I may spam you with unrelated pics tomorrow, of my family friends animals... Lots of goats, a horse, several chickens (where I got my one chicken egg from), a rescue pigeon, a zillion guppies, a pair of VT angelfish, and a cat. They had a dog, but I believe he recently died. I've not seen him for a while. He was old though, so I suppose that's why.


----------



## ThetaSigma (Jan 18, 2014)

I MIGHT have picked up some more eggs for my incubator while at my sister's birthday party yesterday. A family friend lives right next door to the house that party was at, and I got some eggs from their small flock. I believe they are silkie mixes, but I'm not too sure. The silkie was broody on them when I took them, but they were fresh eggs from that morning, so they'll still be viable. The silkie's daughters are the only other hens in the run, so they are all part silkie.

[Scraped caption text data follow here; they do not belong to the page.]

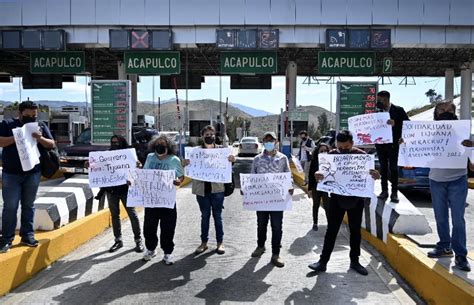 Protestan Reporteros De Chilpancingo Por El Asesinato De La Periodista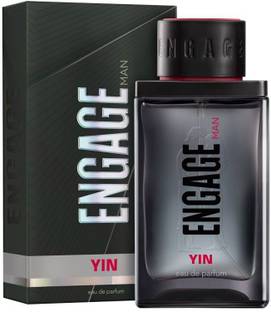 Engage Yin Eau De Parfum For Men 90ml Pocket Perfume  -  For Men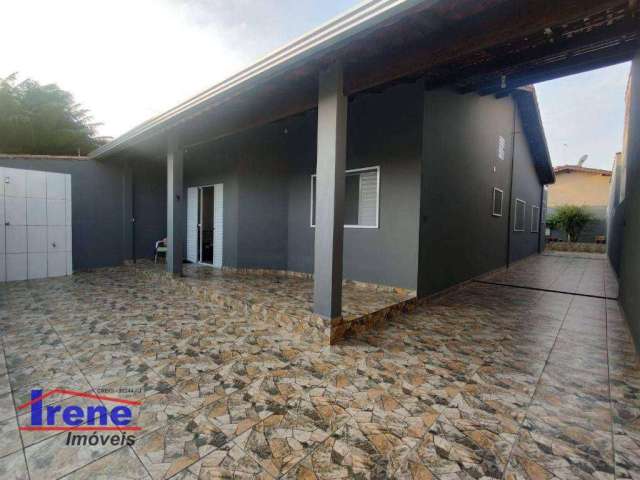 Casa com 3 dormitórios à venda, 137 m² por R$ 500.000,00 - Gaivota - Praia - Itanhaém/SP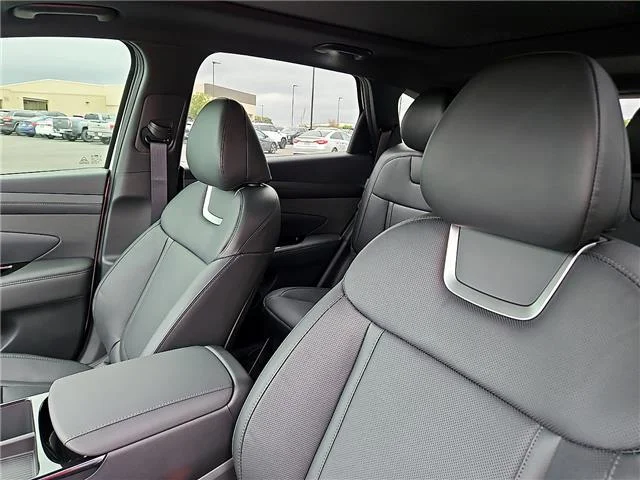 New 2026 Creamy White Pearl Hyundai Limited image 12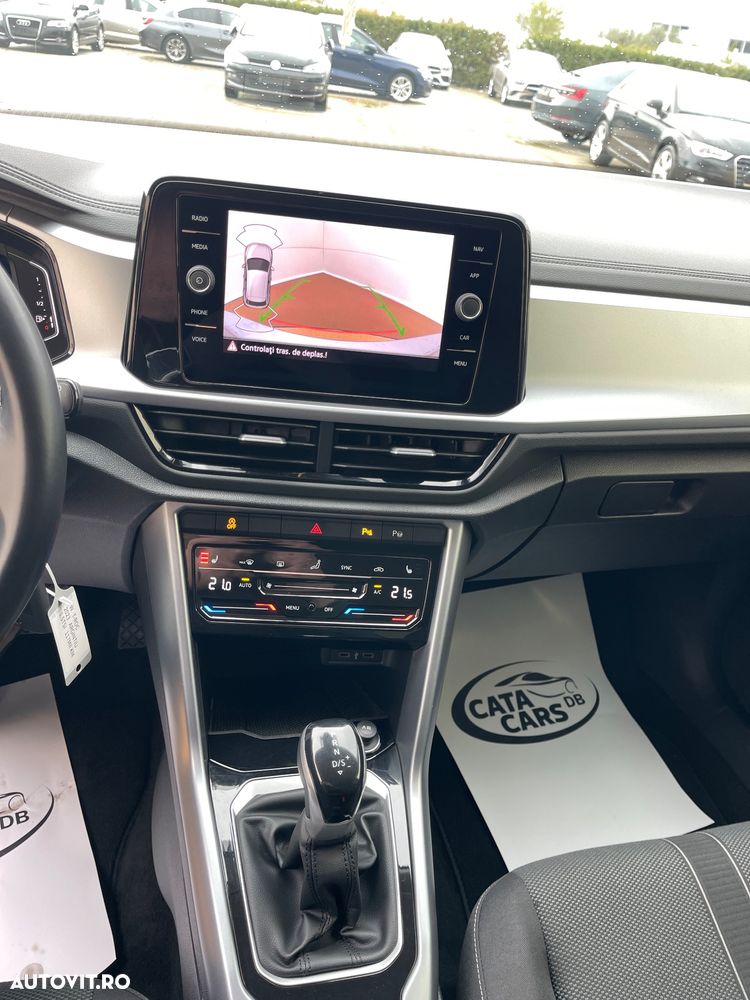 Volkswagen T-Roc 1.5 TSI DSG Sport - 35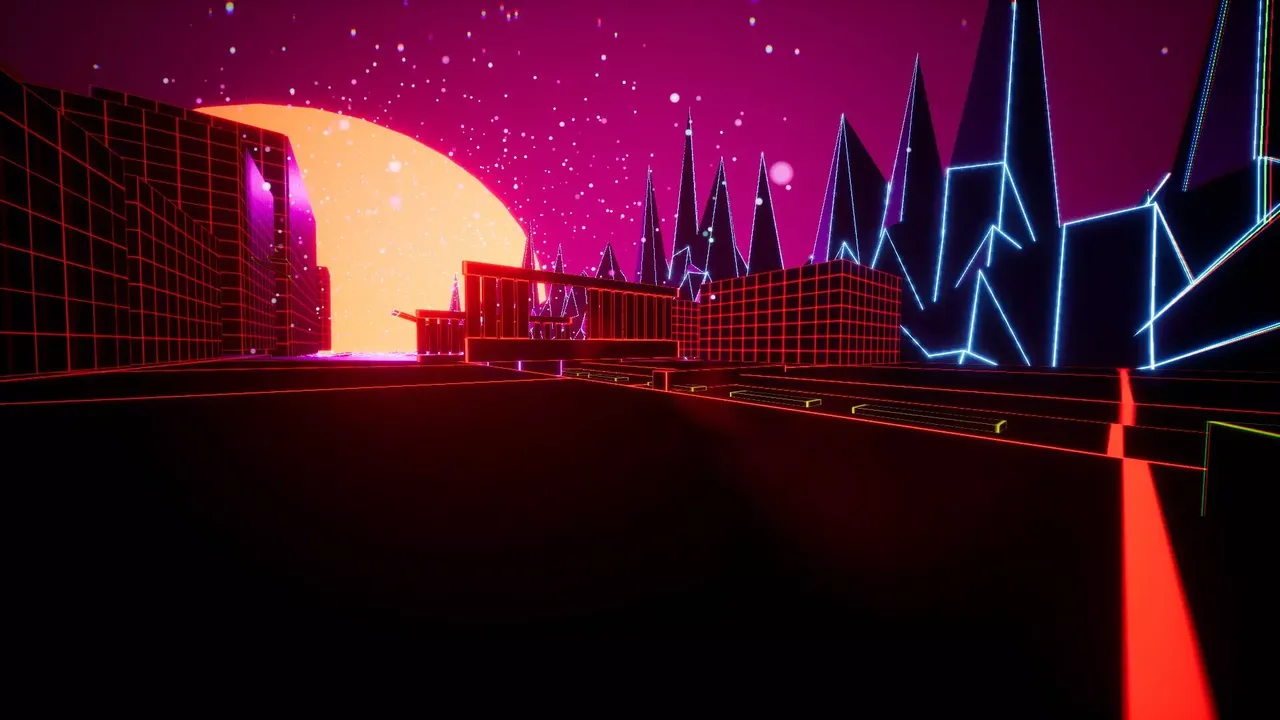 -Parkour Labs-游戏截图-好玩游戏库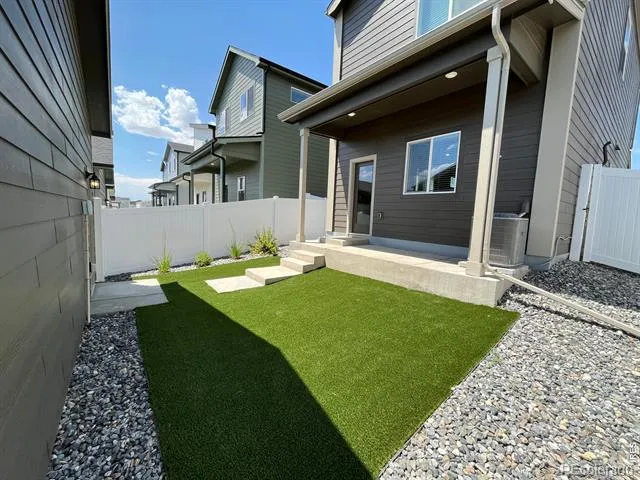 3912 Lake Clark Street Evans, CO 80620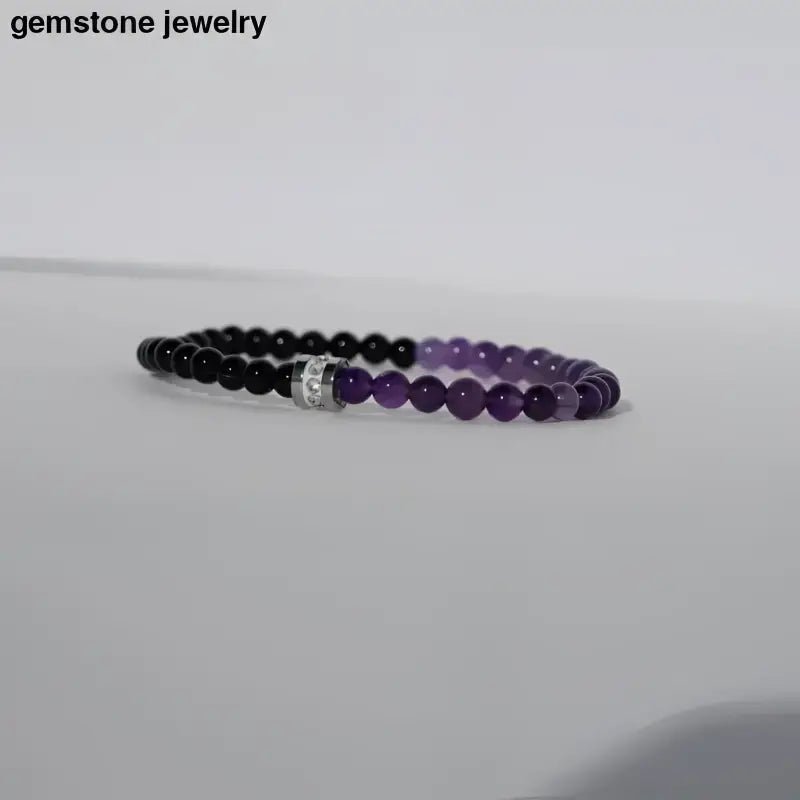 Handmade Gemstone Jewelry, Amethyst Jewelry - Bec Sue Jewelry Shop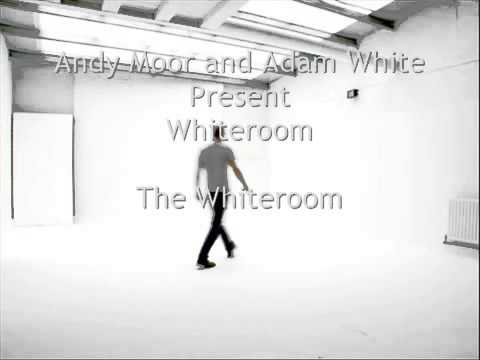 Andy Moor and Adam White present Whiteroom   The Whiteroom
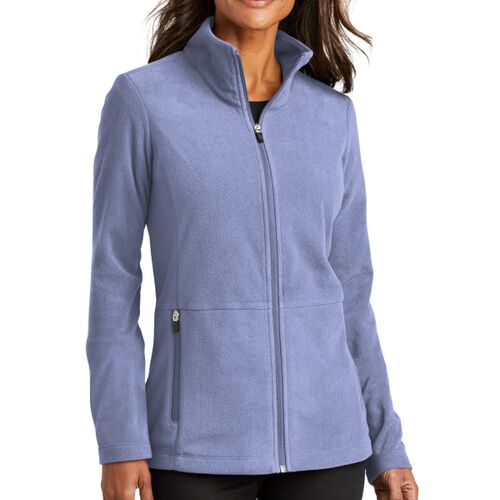 Port Authority® Women's Accord Microfleece Jacket Thumbnail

There were also two other broodies, sharing a next box, and they were super aggressive, but pretty small. I did managed to get the eggs out (also laid that day, and still viable), but I already had two eggs to take, and I just gave them to the owner. Those broodies were mean, though.


----------



## ThetaSigma (Jan 18, 2014)

Lockdown was two days ago, and I'm expecting pips in the next 48 hours. I also candled on of the two chicken eggs I brought from my sisters party, so here's a pic of a day four chicken candling.


----------



## ThetaSigma (Jan 18, 2014)

In this picture I labeled the parts if the chick at this stage.


----------



## InStitches (May 26, 2014)

so cool


----------



## ThetaSigma (Jan 18, 2014)

I'm so excited! I can't wait for them to start hatching. Maybe I'll take some pictures of Spankie and post them, to at least distract myself. Also, I probably should track her growth, it's just so interesting. They grow up so fast!


----------



## ThetaSigma (Jan 18, 2014)

To distract myself, I shall give a tour of my room... 


First I have my shelf...



Top left is my corn snake terrarium. Here's a closer look:






Next is the 2.5 MiniBow on the top right. It houses a single male mouse, who is always getting beat up. I don't have a picture of him, but here's his home:



I'll try and get a picture of him tomorrow.

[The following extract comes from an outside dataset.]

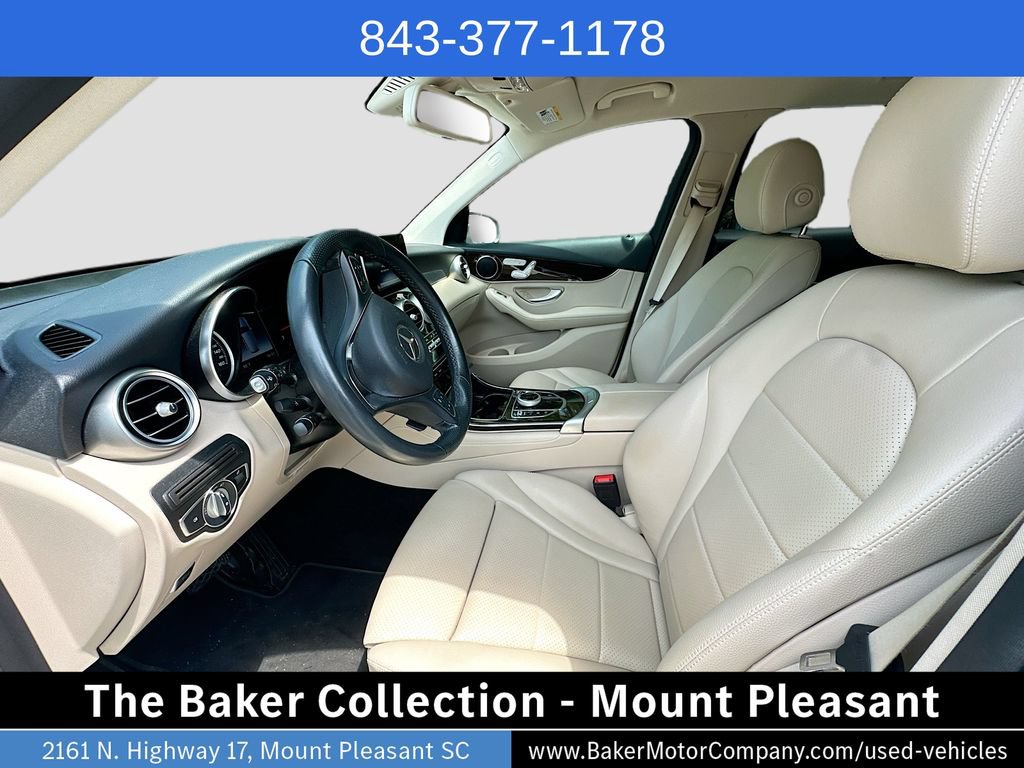 Used 2019 Mercedes-Benz GLC 300 image 21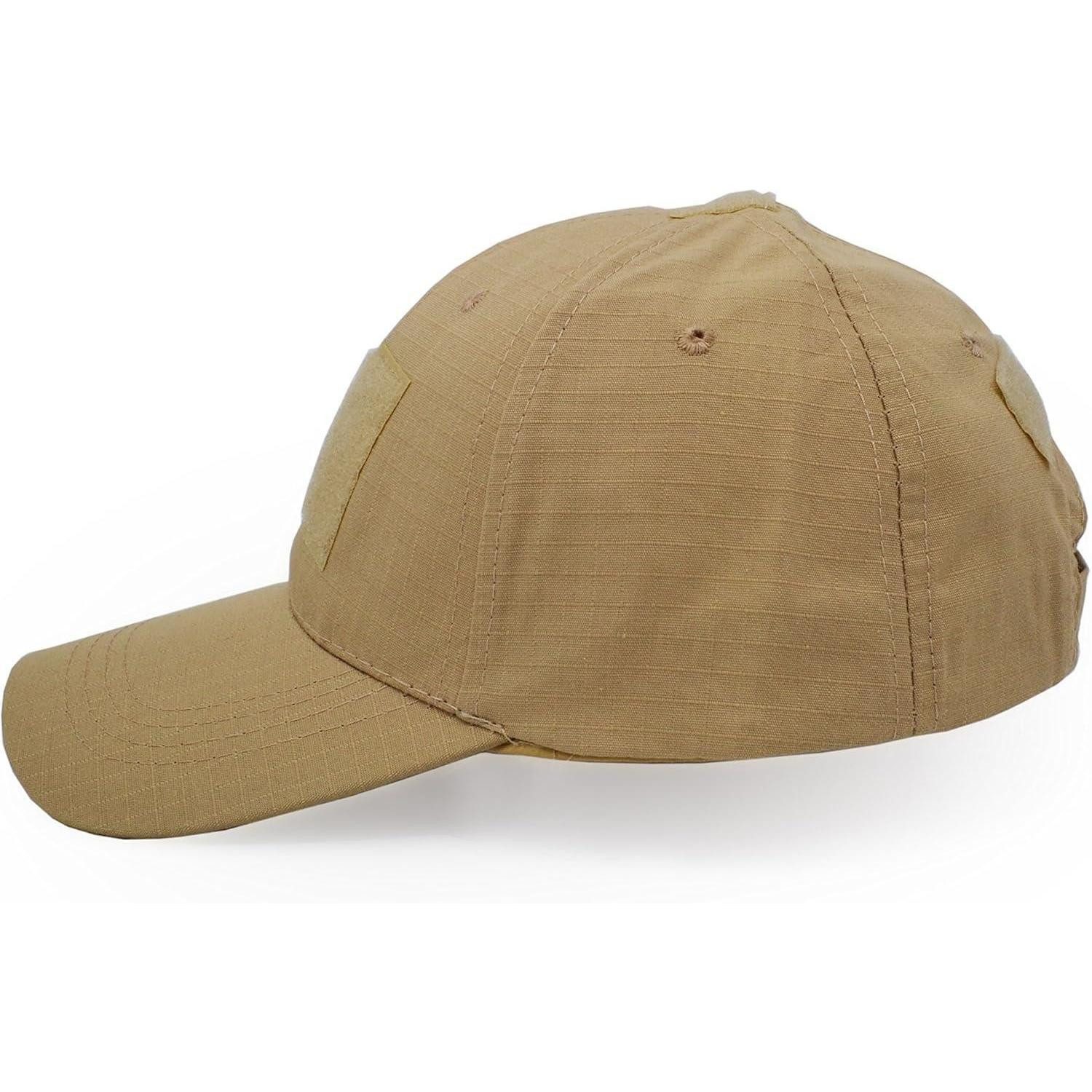 LuxusKollektion Baseball Cap Baseballkappe Betreiber Militär Jagd Outdoor Einheitsgröße 8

The second shelf down has a critter keeper on the left. This contains my 762829949493939488492 bladder snails.




On the right of that shelf is a small sterilite with my eight roaches. 

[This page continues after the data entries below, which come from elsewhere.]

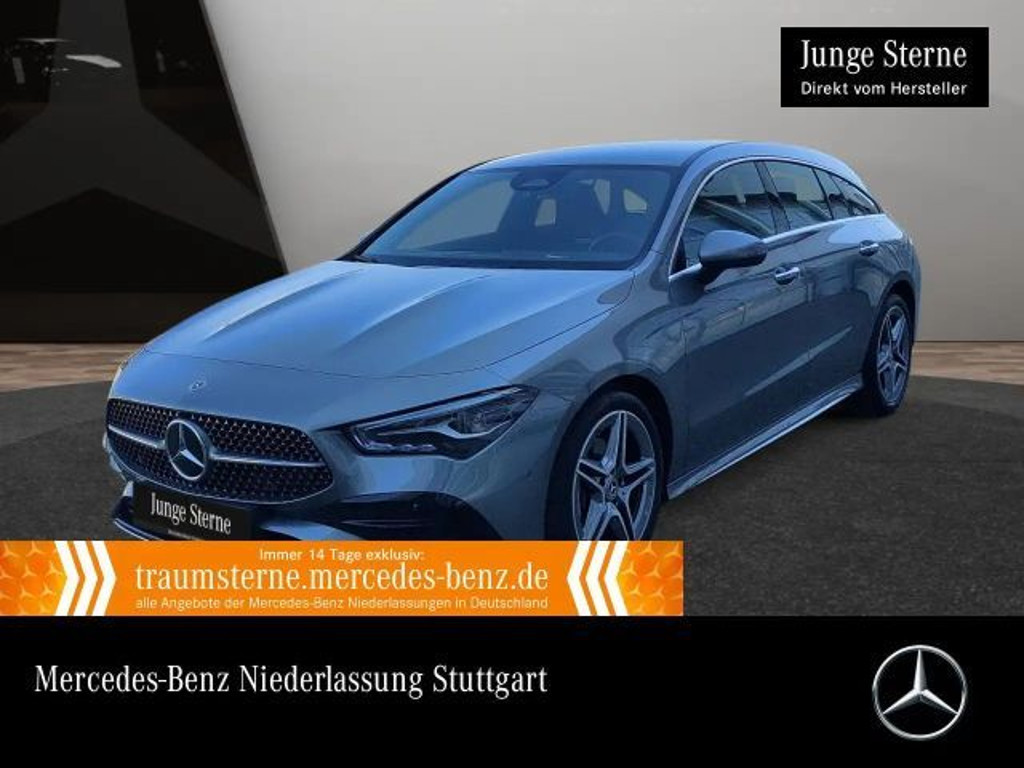 Mercedes-Benz CLA-Klasse CLA 180 AMG Line
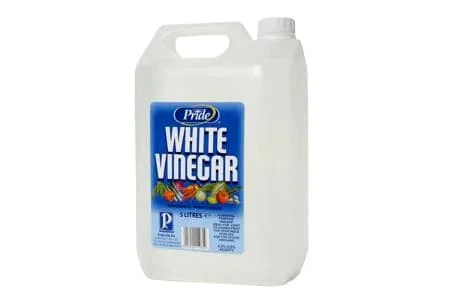 Pride Spirit Vinegar White 5ltr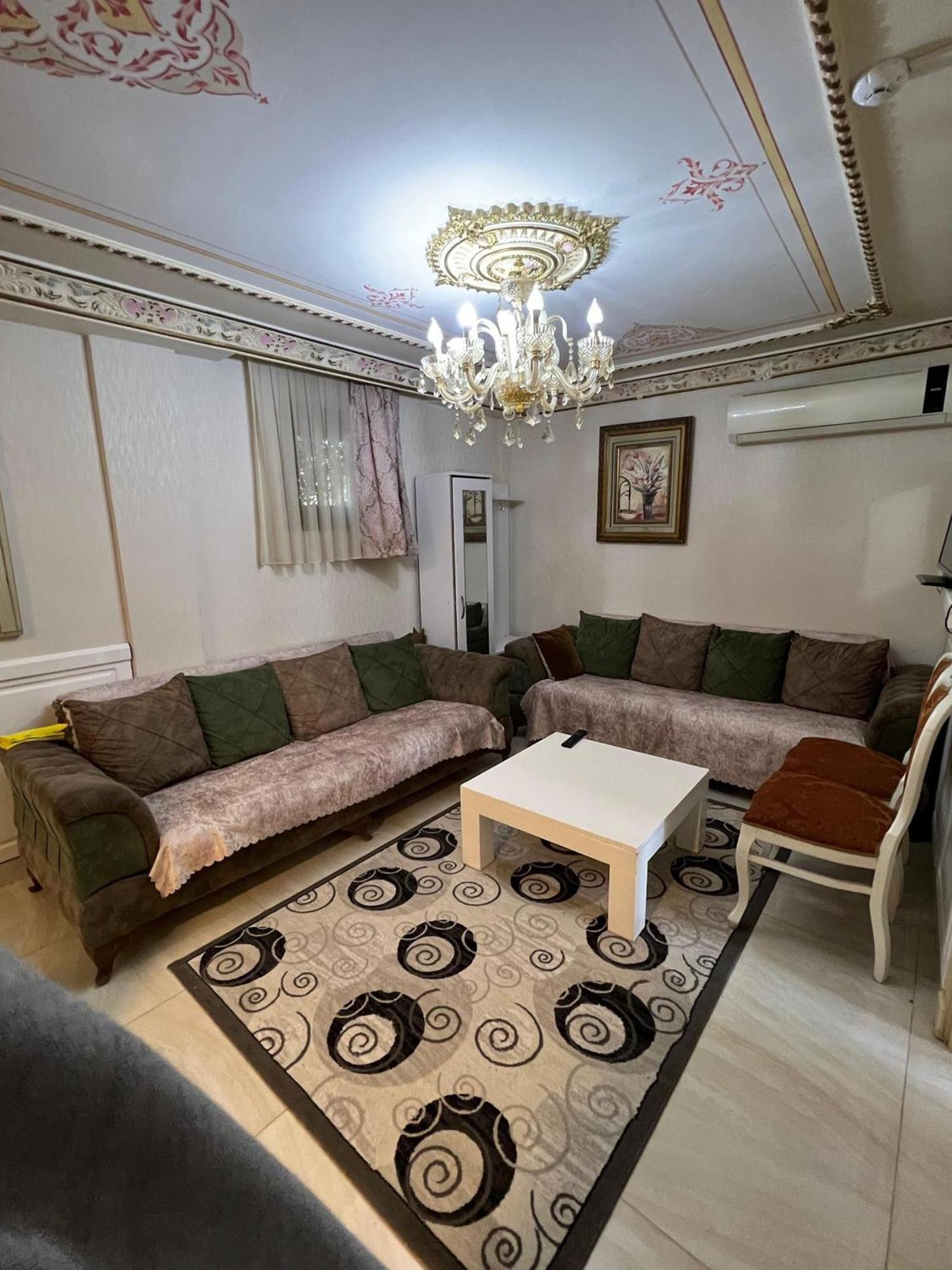 Mihri Hatun Suit Otel Istanbul Ngoại thất bức ảnh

On the floor is a large sterilite (64 qts), with six mice in it. One male and five females. All are feeders except one of them. They're not used as feeders though. They're my pets.




To the right of the shelf is my incubator:

With the light (heating element) off:



With the light on:



Here's the inside, I took the picture through the viewing window, so excuse the glass reflection:




The next wall has my desk, which has my tanks.

First is my boys, in a twenty gallon long, divided three ways:




My sorority is the other:




Under my desk is the button quail brooder, which Spankie is in.

Here's how small she was the day after she hatched:



Here she is today (same water bowl with marbles):



She's started getting reddish feathering around her vent, which indicates she's actually a he, but it's still hard to tell at this age. I thin she's three weeks about. She hatched on June 28.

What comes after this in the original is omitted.